- **Your instructions**: Copy out each line of the data that contains "premium".

- **Source material**:
****************************************
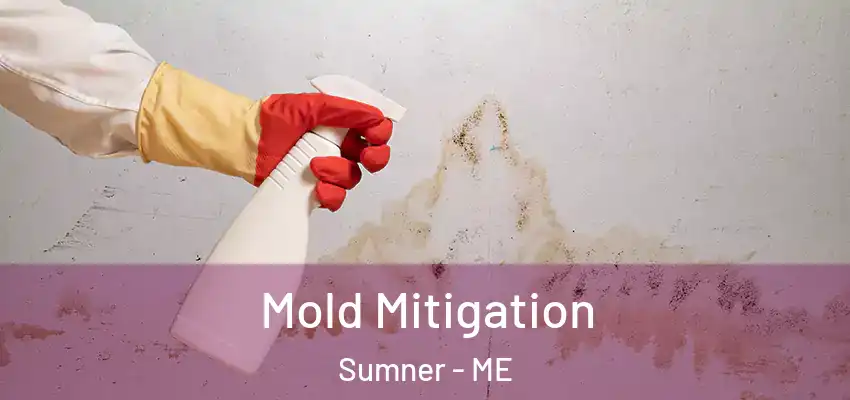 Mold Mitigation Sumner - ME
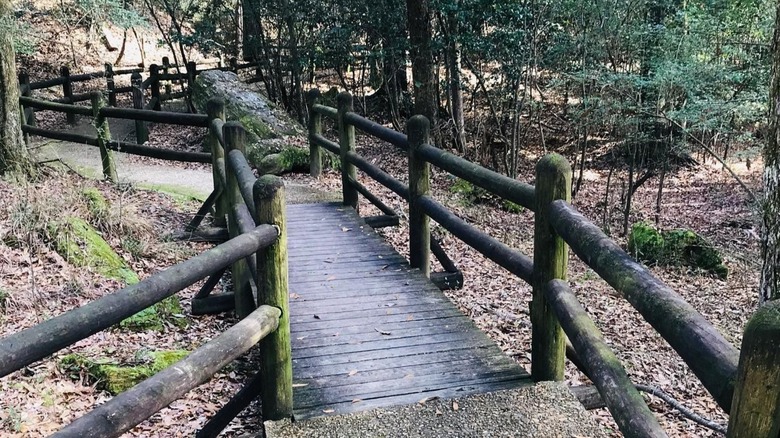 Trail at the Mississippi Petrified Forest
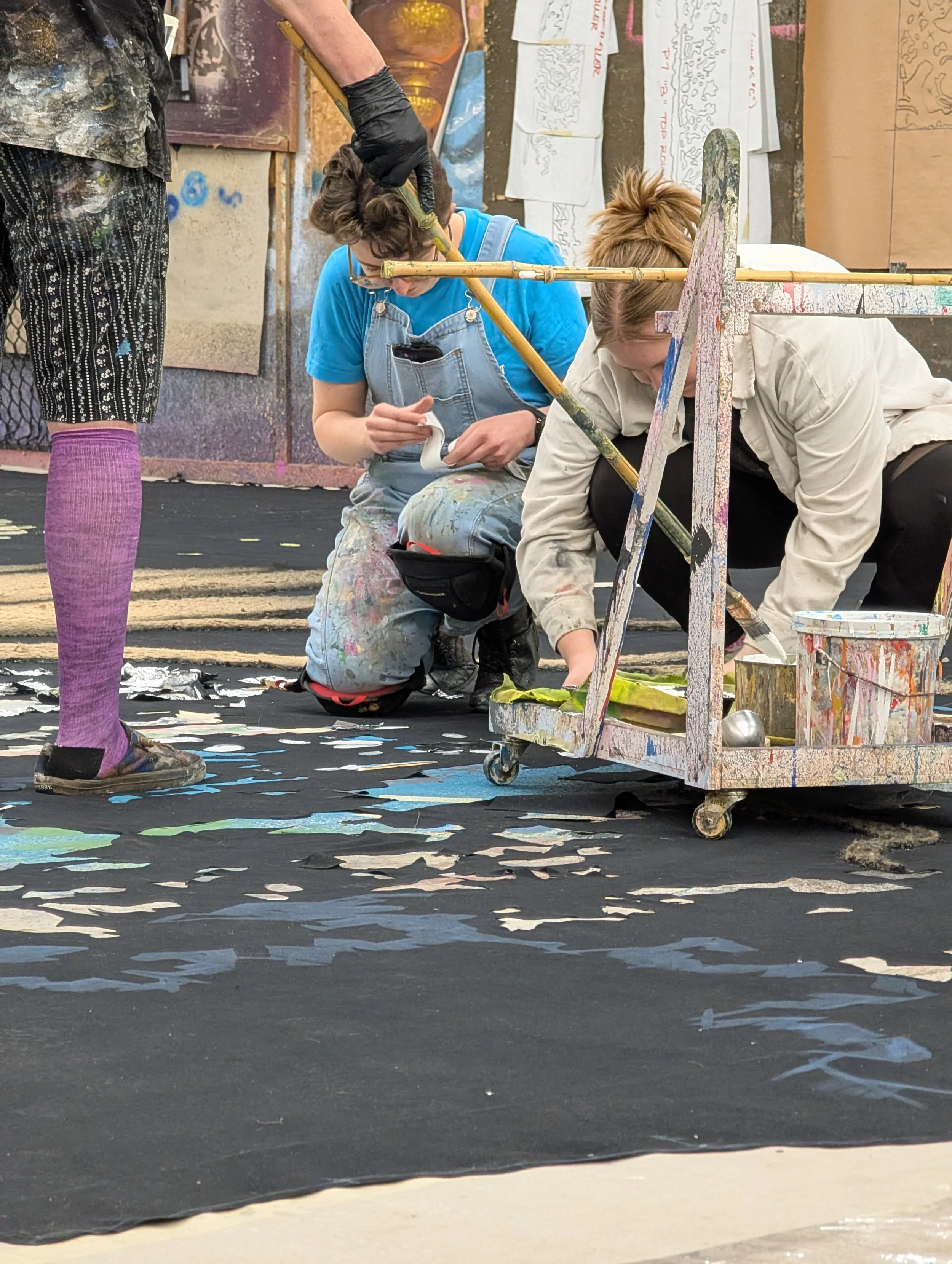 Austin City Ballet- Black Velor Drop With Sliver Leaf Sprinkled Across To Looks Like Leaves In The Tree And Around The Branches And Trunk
****************************************
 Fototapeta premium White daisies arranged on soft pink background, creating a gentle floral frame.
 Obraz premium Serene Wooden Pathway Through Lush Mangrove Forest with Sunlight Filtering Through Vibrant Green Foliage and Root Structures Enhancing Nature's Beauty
****************************************
- **The completed task**:
 Fototapeta premium White daisies arranged on soft pink background, creating a gentle floral frame.
 Obraz premium Serene Wooden Pathway Through Lush Mangrove Forest with Sunlight Filtering Through Vibrant Green Foliage and Root Structures Enhancing Nature's Beauty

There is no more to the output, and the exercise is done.